Instructions to follow
Restate verbatim the span of lines below between the line with "Delphi Cam Ring 7123-309D | 309D" and the line with "Picture for manufacturer Fuchs", including those two lines, and only that span.

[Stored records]
.....

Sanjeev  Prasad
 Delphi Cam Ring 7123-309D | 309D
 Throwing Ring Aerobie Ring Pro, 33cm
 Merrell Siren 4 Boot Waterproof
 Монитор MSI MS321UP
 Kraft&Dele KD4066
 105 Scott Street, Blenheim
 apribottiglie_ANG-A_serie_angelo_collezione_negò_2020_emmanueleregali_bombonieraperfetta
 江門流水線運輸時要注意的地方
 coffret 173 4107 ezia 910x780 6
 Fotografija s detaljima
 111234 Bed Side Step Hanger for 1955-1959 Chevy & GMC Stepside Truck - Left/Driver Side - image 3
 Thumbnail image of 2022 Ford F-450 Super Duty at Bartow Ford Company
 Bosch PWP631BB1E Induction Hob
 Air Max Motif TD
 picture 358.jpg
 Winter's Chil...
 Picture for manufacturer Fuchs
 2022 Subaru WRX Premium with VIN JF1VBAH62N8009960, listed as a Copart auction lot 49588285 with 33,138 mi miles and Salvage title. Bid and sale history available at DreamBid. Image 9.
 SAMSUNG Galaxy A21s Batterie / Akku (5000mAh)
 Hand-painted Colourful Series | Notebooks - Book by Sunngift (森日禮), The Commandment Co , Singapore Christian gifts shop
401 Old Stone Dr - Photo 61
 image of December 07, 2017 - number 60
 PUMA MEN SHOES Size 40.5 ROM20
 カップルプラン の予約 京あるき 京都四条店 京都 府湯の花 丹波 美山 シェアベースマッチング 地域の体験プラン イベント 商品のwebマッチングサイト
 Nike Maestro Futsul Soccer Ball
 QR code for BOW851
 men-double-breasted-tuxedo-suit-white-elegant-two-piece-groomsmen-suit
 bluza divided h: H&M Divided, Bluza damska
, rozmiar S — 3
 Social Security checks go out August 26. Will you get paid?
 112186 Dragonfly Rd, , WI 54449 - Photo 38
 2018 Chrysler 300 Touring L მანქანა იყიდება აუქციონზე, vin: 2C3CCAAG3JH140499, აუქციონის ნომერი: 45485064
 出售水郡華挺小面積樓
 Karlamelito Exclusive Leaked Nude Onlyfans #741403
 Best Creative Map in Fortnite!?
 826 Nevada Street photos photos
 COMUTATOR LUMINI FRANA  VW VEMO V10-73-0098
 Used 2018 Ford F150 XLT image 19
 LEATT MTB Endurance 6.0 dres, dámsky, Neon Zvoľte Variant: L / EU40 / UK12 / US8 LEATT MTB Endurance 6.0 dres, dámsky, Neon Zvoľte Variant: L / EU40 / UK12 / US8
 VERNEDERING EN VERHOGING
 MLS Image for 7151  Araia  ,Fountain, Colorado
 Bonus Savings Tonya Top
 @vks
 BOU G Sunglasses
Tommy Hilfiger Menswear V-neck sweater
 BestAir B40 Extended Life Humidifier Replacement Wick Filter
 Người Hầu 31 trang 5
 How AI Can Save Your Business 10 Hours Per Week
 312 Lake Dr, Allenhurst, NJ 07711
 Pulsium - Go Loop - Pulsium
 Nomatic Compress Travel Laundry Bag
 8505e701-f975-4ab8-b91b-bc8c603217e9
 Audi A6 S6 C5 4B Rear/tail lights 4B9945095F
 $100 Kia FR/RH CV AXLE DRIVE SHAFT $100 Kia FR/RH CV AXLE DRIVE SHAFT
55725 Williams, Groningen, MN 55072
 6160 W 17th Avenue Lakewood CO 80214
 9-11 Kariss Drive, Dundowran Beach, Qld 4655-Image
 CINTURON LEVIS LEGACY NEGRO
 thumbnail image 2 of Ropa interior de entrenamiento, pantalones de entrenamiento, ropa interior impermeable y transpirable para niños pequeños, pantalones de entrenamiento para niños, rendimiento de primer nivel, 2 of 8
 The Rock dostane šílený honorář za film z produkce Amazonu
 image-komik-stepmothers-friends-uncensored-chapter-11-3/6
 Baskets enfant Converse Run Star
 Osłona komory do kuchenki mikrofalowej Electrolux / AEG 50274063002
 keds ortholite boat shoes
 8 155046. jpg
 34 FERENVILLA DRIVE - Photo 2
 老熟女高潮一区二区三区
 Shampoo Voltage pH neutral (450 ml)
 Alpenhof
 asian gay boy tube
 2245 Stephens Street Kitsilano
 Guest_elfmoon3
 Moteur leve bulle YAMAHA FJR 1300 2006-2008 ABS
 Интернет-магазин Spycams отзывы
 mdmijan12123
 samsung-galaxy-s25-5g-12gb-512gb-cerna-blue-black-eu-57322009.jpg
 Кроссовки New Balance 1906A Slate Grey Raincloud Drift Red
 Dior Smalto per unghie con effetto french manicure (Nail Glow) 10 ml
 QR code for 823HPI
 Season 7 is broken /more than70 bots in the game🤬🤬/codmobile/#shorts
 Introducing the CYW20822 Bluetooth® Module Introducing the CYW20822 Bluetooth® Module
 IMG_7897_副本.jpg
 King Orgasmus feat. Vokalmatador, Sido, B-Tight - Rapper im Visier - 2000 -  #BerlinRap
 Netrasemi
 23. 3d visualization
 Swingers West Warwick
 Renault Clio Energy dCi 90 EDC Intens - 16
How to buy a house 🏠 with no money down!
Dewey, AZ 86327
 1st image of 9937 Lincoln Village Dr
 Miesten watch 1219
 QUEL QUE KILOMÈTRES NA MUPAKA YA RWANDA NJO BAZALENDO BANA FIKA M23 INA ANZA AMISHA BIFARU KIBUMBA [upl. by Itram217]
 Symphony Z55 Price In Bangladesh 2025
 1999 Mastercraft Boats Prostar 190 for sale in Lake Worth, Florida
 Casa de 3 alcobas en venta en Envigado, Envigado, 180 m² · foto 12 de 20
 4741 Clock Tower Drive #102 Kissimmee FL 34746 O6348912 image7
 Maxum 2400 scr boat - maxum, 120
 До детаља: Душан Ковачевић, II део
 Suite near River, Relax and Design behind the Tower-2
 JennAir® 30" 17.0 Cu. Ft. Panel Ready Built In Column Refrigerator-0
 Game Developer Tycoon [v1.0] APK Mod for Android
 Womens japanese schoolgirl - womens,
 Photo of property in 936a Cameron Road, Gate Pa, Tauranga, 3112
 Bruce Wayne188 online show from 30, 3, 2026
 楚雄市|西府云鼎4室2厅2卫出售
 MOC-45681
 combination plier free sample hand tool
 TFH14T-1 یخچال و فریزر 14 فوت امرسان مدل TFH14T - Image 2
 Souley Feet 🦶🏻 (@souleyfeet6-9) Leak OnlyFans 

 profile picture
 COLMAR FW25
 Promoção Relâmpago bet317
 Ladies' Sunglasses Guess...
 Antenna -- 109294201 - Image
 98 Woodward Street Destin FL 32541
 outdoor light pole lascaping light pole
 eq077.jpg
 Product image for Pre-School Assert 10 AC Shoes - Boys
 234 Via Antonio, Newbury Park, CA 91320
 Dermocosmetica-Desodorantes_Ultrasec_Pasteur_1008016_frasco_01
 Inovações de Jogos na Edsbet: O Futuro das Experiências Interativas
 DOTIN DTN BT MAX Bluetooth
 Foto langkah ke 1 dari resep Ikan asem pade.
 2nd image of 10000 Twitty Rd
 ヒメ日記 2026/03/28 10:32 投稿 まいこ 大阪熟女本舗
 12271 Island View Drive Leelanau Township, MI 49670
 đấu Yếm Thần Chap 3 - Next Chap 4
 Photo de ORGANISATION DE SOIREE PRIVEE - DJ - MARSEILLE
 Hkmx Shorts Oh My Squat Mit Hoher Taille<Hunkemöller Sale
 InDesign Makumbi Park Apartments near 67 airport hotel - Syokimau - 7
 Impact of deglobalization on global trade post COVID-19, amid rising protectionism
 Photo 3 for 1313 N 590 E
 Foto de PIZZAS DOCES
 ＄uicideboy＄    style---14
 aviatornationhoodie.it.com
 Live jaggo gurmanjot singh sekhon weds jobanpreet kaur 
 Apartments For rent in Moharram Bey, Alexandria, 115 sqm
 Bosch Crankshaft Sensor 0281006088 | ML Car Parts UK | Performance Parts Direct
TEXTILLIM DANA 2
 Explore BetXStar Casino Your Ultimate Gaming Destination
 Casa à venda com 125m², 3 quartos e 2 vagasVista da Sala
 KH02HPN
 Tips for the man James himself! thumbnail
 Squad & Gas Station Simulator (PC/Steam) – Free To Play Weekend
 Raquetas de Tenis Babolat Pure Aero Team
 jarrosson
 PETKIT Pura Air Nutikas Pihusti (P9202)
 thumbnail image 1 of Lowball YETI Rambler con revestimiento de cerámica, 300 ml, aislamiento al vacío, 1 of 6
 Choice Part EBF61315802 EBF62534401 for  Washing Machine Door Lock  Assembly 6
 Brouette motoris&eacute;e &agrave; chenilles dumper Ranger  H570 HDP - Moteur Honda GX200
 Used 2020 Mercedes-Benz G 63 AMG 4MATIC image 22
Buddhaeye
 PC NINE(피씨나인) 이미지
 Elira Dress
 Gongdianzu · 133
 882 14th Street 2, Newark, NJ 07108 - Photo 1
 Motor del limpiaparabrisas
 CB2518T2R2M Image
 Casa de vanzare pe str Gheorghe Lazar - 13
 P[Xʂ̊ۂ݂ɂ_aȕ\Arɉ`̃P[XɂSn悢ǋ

.....

Worked solution
 Delphi Cam Ring 7123-309D | 309D
 Throwing Ring Aerobie Ring Pro, 33cm
 Merrell Siren 4 Boot Waterproof
 Монитор MSI MS321UP
 Kraft&Dele KD4066
 105 Scott Street, Blenheim
 apribottiglie_ANG-A_serie_angelo_collezione_negò_2020_emmanueleregali_bombonieraperfetta
 江門流水線運輸時要注意的地方
 coffret 173 4107 ezia 910x780 6
 Fotografija s detaljima
 111234 Bed Side Step Hanger for 1955-1959 Chevy & GMC Stepside Truck - Left/Driver Side - image 3
 Thumbnail image of 2022 Ford F-450 Super Duty at Bartow Ford Company
 Bosch PWP631BB1E Induction Hob
 Air Max Motif TD
 picture 358.jpg
 Winter's Chil...
 Picture for manufacturer Fuchs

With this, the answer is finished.